We found a significant correlation between δ13CDIC-I and δ13CDIC-R (n = 17,r2 = 0.46, and p < 0.01). Additionally, given that groundwater is the main water source of the Genggahai Lake, δ13CDIC-I was the main factor affecting the δ13CDIC-L values of the lake water (see section 5.1). Therefore, we further analysed the influencing factors of δ13CDIC-I.
Three main species compose the DIC in water bodies: CO2, CO32–, and HCO3. In this study, the titration method was used to determine the DIC composition of groundwater in the Genggahai Basin. We found that HCO3was the dominant form of DIC. Additional research has shown that the primary source of HCO3 in the groundwater of the Genggahai Basin and the Shazhuyu River is the chemical weathering of rocks, especially carbonate rocks (Jin et al., 2019).
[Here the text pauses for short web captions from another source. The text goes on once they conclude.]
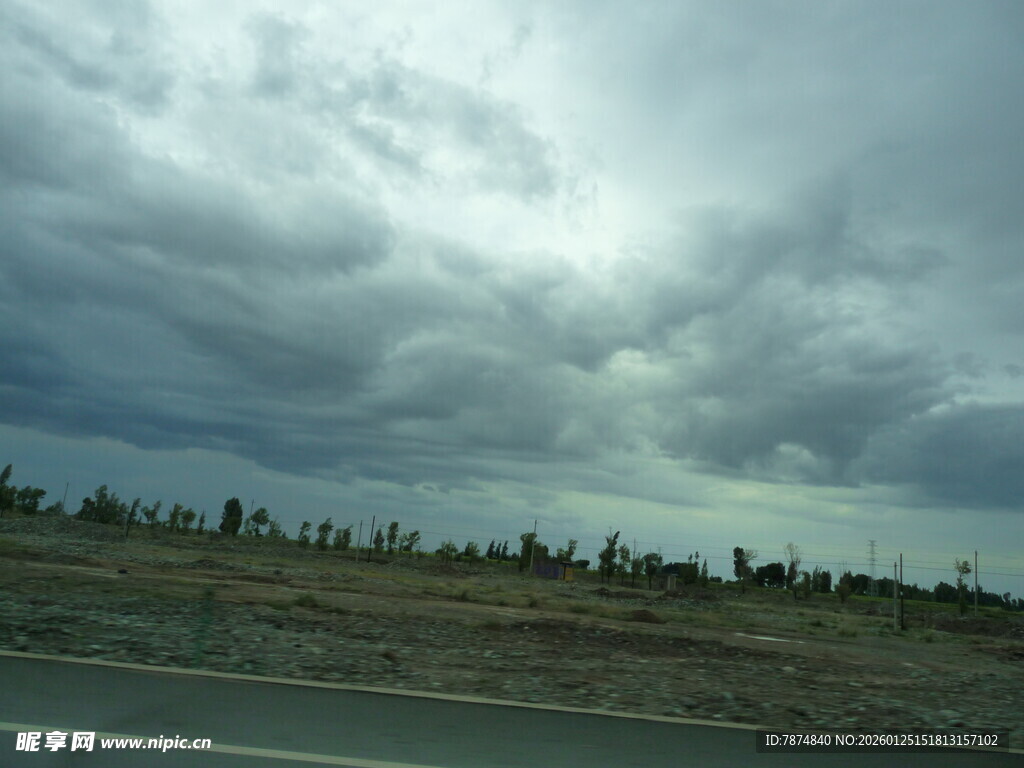 乌云笼罩下的公路风景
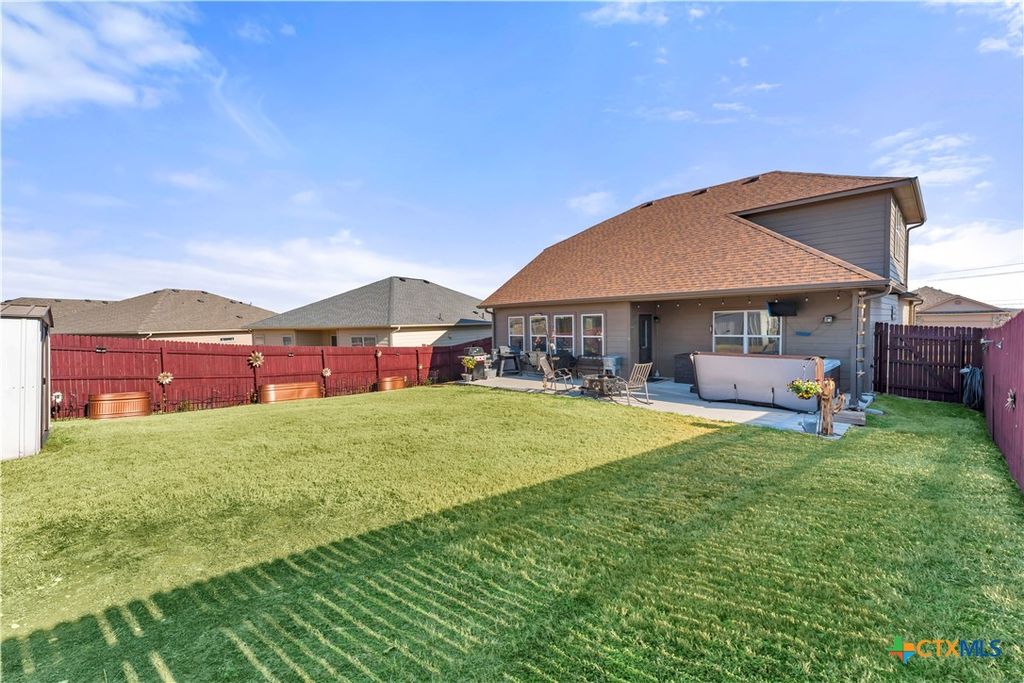 Image 24 of property listing at 637 Donegal Lane, Georgetown, TX 78626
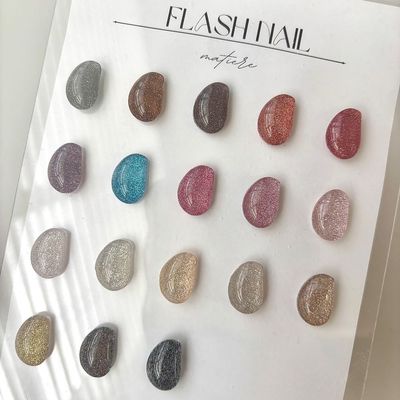 煌めくフラッシュネイル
Based on the reaction equation for chemical weathering, CO2 is an essential component of this process. Dissolved CO2 in groundwater originates from the atmospheric flux, watershed soil respiration, and organic matter decomposition (Gu, 2011). Atmospheric CO2 normally has δ13C values of approximately –8 ‰ (Leng & Marshall, 2004), which is relatively stable. The δ13C values of soil CO2 from areas with C3 and C4 plants range from –32 to –20 ‰ (Brunet et al., 2005) and –17 to –19 ‰, respectively. The δ13C value of HCO3 from carbonate dissolution during subsurface weathering is approximately 0 ‰ (Weynell et al., 2016). The isotopic equilibrium between CO2 and HCO3 from different sources can be attained through the following exchange reaction:
13CO2(g) + H212CO3(aq) =12CO2(g) + H213CO3(aq). (4)
The fractionation factor of CO2 and HCO3 in the CO2–HCO3 system in soil is approximately 10 ‰ (Leng & Marshall, 2004). After soil CO2 is dissolved in water, its δ13C value becomes more negative than that of HCO3. However, carbonate rock dissolution increases the δ13C value of HCO3. Evidently, the carbon source that affects the isotopic composition of DIC in groundwater, δ13CDIC-I, consists of two components: (1) 13C from the weathering and dissolution of carbonate rocks, which possesses a more positive isotope ratio and (2)12C from CO2 generated through soil respiration, which has a more negative isotope ratio. Therefore, the relative contribution of these two carbon sources to the groundwater DIC determines the composition of δ13CDIC-I in the Genggahai Basin.